Sunday, October 28, 2007

4 Years + 4 Acquisition = RedDot in Chaos

Who is in charge of RedDot anyway? Four acquisitions in 4 years means that answer is no one


2004: RedDot – a private, German-owned web content management company

2005: Hummingbird, a publicly traded Canadian company purchases RedDot

May 2006: Hummingbird is purchased by Symphony Technology Group and goes private

Aug. 2006: OpenText purchases Hummingbird and adds RedDot to its portfolio of 3(!) existing web content management systems

You got all that? Able to keep track of the players? No? Neither is anyone inside RedDot.

You have to feel sorry for the employees. Who the hell is in charge anyway? Is it any wonder that RedDot’s best and brightest have fled to the competition?

Why This RedDot Acquisition Madness Matters



Customer Confusion
OpenText’s reputation for clearly communicating with customers in legendary. NOT!. As CMS Watch says “the level of clarity in the communications from Open Text about the future of what had been its main WCM products leaves a great deal to be desired.”

So unsurprisingly, RedDot clients have been given little information at all about what the acquisition means. Unless you count this miracle of obfuscation released shortly after the announcement.

Caring About $$ More Than Customer Success
OpenText is a public company with an obsession for hitting revenue numbers. Which is fine. But this crazy focus on meeting quota means sales guys will do anything to make their number, including selling LiveServer as a Search Engine and shooting partners who won’t give their clients bad advice to help RedDot make quota.

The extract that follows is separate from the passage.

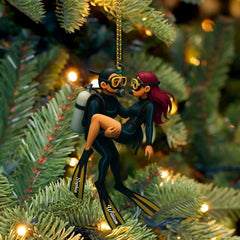 Maxcorners Diving Couple Home Decor, Christmas Ornament, Personalized Ornament 2D Flat LM2111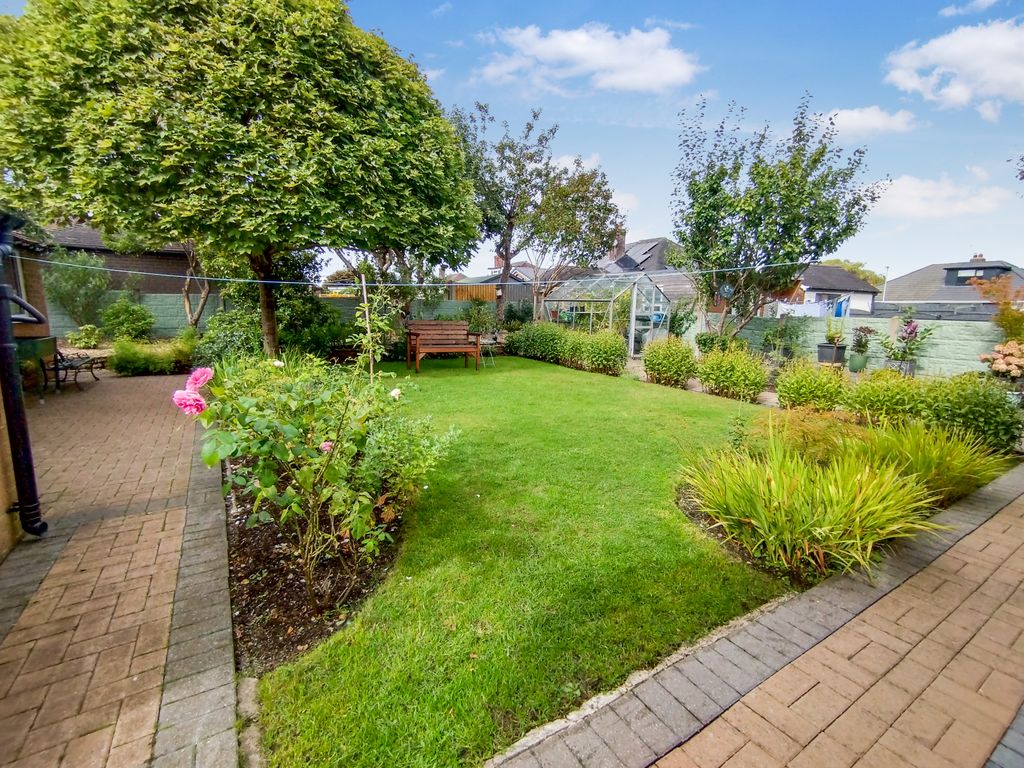Property photo 2 of 37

Loss of Product Vision - Blindness to Customer Needs
With product managers jumping ship, there’s been no vision for the future of RedDot (or any of the other web content management solutions owned by OpenText.) The product is old and rapidly getting older.

As CMS Watch points out: “products change over time -- or rather don't always change with the times. So it is with RedDot CMS, whose European customers tell us that its localization capabilities are aging, and its globalization facilities surprisingly underdeveloped”

You can see this lack of vision shining through with the recent “Web 2.0” release of RedDot. In September 2007, RedDot finally woke up to this whole “social web thing” and announced:

“RedDot now makes the integration of interactive applications and Web 2.0 functions possible in all Web-enabled media with new modules for Web 2.0.”

Absolute genius – if this was 2005.

And RedDot still can’t provide – out of the box – the more important CMS microapplications of calendars and end-user form creation that even junior products like Ektron have offered since 2004.

1 comment:

Unknown said...

Once again, your information is incorrect and you are proving that your reading comprehension skills are at the level of a single-celled organism...

RedDot was NOT aquired 4 time in 4 years. It was technically only sold once in it's entire history, and that was to Hummingbird in 2005 (Possibly 2004 as I am not sure when the sale was actually finalized).

Hummingbird was then aquired by OpenText, RedDot was not sold as a seperate entity. And if you had taken the time to read the material you were referencing, you would have seen that the Symphony sale was never executed "with its pending acquisition by Symphony Technology Group (Hummingbird's board has approved the deal, but its shareholders could theoretically veto it). ".

While I have no love for RedDot, you are simply an ignorant fool with an axe to grind. But at least I understand why you kept your identity hidden, OpenText can easily sue your ass for slander.